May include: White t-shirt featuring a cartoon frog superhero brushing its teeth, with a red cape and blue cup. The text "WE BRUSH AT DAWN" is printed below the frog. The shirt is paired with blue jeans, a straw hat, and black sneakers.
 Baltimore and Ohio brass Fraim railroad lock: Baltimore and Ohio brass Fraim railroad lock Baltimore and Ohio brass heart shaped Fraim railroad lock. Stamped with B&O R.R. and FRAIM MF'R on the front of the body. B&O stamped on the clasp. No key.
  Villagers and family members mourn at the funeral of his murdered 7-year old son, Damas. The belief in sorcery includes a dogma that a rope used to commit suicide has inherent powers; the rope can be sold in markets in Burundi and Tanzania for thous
+===+
Please reproduce each line above exactly as written.

May include: White t-shirt featuring a cartoon frog superhero brushing its teeth, with a red cape and blue cup. The text "WE BRUSH AT DAWN" is printed below the frog. The shirt is paired with blue jeans, a straw hat, and black sneakers.
 Baltimore and Ohio brass Fraim railroad lock: Baltimore and Ohio brass Fraim railroad lock Baltimore and Ohio brass heart shaped Fraim railroad lock. Stamped with B&O R.R. and FRAIM MF'R on the front of the body. B&O stamped on the clasp. No key.
  Villagers and family members mourn at the funeral of his murdered 7-year old son, Damas. The belief in sorcery includes a dogma that a rope used to commit suicide has inherent powers; the rope can be sold in markets in Burundi and Tanzania for thous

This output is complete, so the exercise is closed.